Columbia Üniversitesi Tıp Merkezi'nde oftalmoloji profesörü Janet Sparrow, geçmişte diğer bilim adamlarının mitokondriyal demetlerin retinada ışık toplanmasına yardımcı olabileceğini öne sürdüğünü belirtiyor.Ancak fikir tuhaf görünüyordu: “Benim gibi bazı insanlar güldü ve 'Haydi, ışığa rehberlik edecek bu kadar çok mitokondriniz var mı?' dediler.- dedi."Gerçekten bunu kanıtlayan bir belge ve çok iyi."

Lee ve meslektaşları, gopher'larda gözlemlediklerinin, insanlarda ve çok benzer bir piramidal yapıya sahip olan diğer primatlarda da olabileceğine inanıyor.İlk olarak 1933'te tanımlanan, öğrencinin tam merkezinden geçen ışığın bir açıda geçen ışıktan daha parlak olduğu düşünülen Stiles-Crawford etkisi olarak adlandırılan bir fenomeni açıklayabileceğini düşünüyorlar.Merkezi ışık mitokondriyal demete daha fazla odaklanabildiğinden, araştırmacılar koni pigmentine daha iyi odaklanılabileceğini düşünüyorlar.Stiles-Crawford etkisinin ölçülmesinin, çoğu mitokondriyal hasara ve değişikliklere yol açan retina hastalıklarının erken tespitinde yardımcı olabileceğini öne sürüyorlar.Lee'nin ekibi, hastalıklı mitokondrinin ışığı nasıl farklı şekilde odakladığını analiz etmek istedi.

UCLA'da oftalmoloji yardımcı doçenti olan ve çalışmaya dahil olmayan Yirong Peng, bunun “güzel bir deneysel model” ve çok yeni bir keşif olduğunu söyledi.Peng, bu mitokondriyal demetlerin gece görüşünü iyileştirmek için çubukların içinde de çalışıp çalışmadığını görmek ilginç olacak, diye ekledi.

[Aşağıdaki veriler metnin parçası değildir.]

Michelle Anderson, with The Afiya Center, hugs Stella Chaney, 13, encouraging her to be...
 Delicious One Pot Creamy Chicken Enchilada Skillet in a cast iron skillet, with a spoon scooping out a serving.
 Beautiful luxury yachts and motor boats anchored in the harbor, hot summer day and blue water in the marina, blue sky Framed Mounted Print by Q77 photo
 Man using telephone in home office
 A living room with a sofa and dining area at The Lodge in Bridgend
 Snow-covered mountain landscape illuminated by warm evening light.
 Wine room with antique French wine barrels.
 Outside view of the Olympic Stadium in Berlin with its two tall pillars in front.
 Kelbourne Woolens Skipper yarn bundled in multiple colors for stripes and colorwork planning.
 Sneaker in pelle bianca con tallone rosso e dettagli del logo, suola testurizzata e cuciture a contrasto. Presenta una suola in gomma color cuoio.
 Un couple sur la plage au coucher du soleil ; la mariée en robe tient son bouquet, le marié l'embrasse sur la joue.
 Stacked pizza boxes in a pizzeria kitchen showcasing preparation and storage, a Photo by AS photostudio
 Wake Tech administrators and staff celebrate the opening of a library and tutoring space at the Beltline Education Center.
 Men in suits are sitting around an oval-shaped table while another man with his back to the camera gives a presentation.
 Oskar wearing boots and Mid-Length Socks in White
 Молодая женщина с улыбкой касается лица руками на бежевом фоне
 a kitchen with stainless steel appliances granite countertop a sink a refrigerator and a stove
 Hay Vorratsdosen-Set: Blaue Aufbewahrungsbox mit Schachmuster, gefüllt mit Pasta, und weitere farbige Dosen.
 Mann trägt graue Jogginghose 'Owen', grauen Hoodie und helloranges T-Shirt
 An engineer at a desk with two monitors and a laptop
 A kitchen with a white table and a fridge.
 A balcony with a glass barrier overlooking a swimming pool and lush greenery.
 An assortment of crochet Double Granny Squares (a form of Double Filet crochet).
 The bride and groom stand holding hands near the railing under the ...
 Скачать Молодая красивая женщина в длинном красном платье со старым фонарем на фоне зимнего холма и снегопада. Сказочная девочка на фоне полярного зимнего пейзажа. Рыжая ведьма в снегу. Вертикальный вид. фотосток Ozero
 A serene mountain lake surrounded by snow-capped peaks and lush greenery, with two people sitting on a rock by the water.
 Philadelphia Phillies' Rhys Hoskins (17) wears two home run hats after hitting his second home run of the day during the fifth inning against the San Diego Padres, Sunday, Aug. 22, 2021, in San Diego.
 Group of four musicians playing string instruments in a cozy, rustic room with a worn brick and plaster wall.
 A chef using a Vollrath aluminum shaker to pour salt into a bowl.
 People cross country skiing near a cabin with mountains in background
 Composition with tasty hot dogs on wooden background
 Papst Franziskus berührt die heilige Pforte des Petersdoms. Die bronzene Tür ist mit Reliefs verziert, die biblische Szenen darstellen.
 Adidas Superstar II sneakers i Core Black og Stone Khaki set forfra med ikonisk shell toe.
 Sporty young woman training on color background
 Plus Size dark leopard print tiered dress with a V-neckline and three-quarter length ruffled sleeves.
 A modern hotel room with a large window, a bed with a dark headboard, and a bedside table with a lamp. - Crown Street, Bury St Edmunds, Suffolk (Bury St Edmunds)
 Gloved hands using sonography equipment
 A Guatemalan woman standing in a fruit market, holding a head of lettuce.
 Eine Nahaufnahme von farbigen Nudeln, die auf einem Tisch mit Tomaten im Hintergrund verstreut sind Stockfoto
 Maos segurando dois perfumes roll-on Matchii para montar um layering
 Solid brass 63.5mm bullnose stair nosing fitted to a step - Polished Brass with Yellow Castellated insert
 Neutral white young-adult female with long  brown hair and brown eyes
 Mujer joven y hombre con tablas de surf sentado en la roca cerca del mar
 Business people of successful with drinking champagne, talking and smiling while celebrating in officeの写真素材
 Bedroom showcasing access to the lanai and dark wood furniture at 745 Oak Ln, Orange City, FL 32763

Lee, en azından konilerde, bu mitokondrilerin mikrolenslere dönüşebileceğini, çünkü zarlarının ışığı doğal olarak kıran lipitlerden oluştuğunu söyledi.“Özellik için en iyi malzeme bu.”

Lipidler de bu işlevi doğada başka yerlerde buluyor gibi görünüyor.Kuşlarda ve sürüngenlerde, retinada renk filtreleri görevi gören yağ damlacıkları adı verilen yapılar gelişmiştir, ancak mitokondriyal demetler gibi mikro mercekler olarak da işlev gördüğü düşünülmektedir.Yakınsak evrimin büyük bir örneğinde, kuşların tepelerinde daireler çizdiği, sivrisineklerin keyifli insan avlarının etrafında vızıldadığı bir durumda, bunu bağımsız olarak gelişen uygun optik özelliklerle okursunuz - izleyicileri cezbeden uyarlamalar.İşte berrak ve aydınlık bir dünya geliyor.

Editörün notu: Yirong Peng, kısmen Simons Vakfı tarafından desteklenen ve aynı zamanda bağımsız olarak düzenlenen bu dergiyi finanse eden bir proje olan Klingenstein-Simons Bursu'nun desteğini aldı.Simmons Vakfı'nın finansman kararı, raporlamamızı etkilemez.

Düzeltme: 6 Nisan 2022 Ana görüntünün başlığı, başlangıçta mitokondriyal demetlerin rengini sarı yerine mor olarak yanlış tanımladı.Mor boyama, demeti çevreleyen zar ile ilişkilidir.
Quanta dergisi, bilgili, anlamlı ve medeni bir diyalogu teşvik etmek için incelemeleri yönetir.Saldırgan, küfür içeren, kendi reklamını yapan, yanıltıcı, tutarsız veya konu dışı olan yorumlar reddedilecektir.Moderatörler normal çalışma saatlerinde (New York saati) açıktır ve yalnızca İngilizce yazılmış yorumları kabul edebilirler.